This morning my e-mail contained a well-meaning press release from a recruiting Web site touting “several tips to help find a job during the holidays.”

Sounds like a good idea, no?

Well the problem is that the “tips to help find a job” weren’t really focused on actually landing a job during the holidays, but rather, suggestions to keep job seekers engaged in the job-finding process during the Thanksgiving and Christmas season.

 The “tips,” which were focused entirely toward job seekers and not on hiring managers, included things like:

• “After Thanksgiving, Give Thanks. Send an e-mail or holiday card to those people who have helped with your job search.”
• “Invest in Yourself. Take a professional development class. Check out blogs your friend or colleagues have mentioned. Learn some new industry buzzwords.”
• “Spread the Love. Get involved in volunteering and you may meet people who will make great contacts for a future job.”
•  “Take Advantage of Holiday Parties” to network and let people know you’re still job hunting.
This is all fine advice, albeit somewhat insipid and overly generic, for keeping your mind on the goal of new job. But if you’re one of today’s job seekers, it is unlikely these “tips” will help you find that new position right now.

The reason for this is simple: Very little real hiring goes on between mid-November and mid-January. Yes, there are always exceptions,  like the desperate art director character played by Dustin Hoffman in Kramer vs. Kramer, but my longtime experience as both a hiring manager and a job seeker is that nothing related to job-seeking (and, for that matter, little related to jobs in general) happens from Thanksgiving to about Martin Luther King Jr. Day.

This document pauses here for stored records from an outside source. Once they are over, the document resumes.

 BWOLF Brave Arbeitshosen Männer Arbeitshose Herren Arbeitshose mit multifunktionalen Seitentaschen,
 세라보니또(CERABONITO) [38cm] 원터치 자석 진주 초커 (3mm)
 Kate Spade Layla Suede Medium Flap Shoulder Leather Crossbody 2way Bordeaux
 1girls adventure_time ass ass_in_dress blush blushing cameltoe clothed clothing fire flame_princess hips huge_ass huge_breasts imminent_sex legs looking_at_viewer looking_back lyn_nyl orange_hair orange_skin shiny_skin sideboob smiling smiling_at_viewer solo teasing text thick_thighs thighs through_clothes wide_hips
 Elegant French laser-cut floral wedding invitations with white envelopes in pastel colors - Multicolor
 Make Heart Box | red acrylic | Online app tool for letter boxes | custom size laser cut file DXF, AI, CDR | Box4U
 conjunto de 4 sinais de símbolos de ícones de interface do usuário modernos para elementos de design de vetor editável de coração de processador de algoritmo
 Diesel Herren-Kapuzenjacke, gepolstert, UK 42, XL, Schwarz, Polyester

You know all the reasons—you’re living them right now. People are shopping, stressing out about shopping and using up vacation days, in the case of those companies in the use-it-or-lose-it states. Recruiters and hiring managers are in and out of the office. It’s the end of the budget year, and probably most important, no one is in the frame of mind necessary for either end of the hiring process. There’s no serious recruiting or hiring happening until after New Year’s.

My advice is to take a break and recharge your batteries during the holidays so that you’ll be ready to hire or be hired when the real action begins again in mid-January. You’ll be rested, relaxed and well past silly holiday hiring tips that might make somebody feel good, but do nothing to help get good people into jobs.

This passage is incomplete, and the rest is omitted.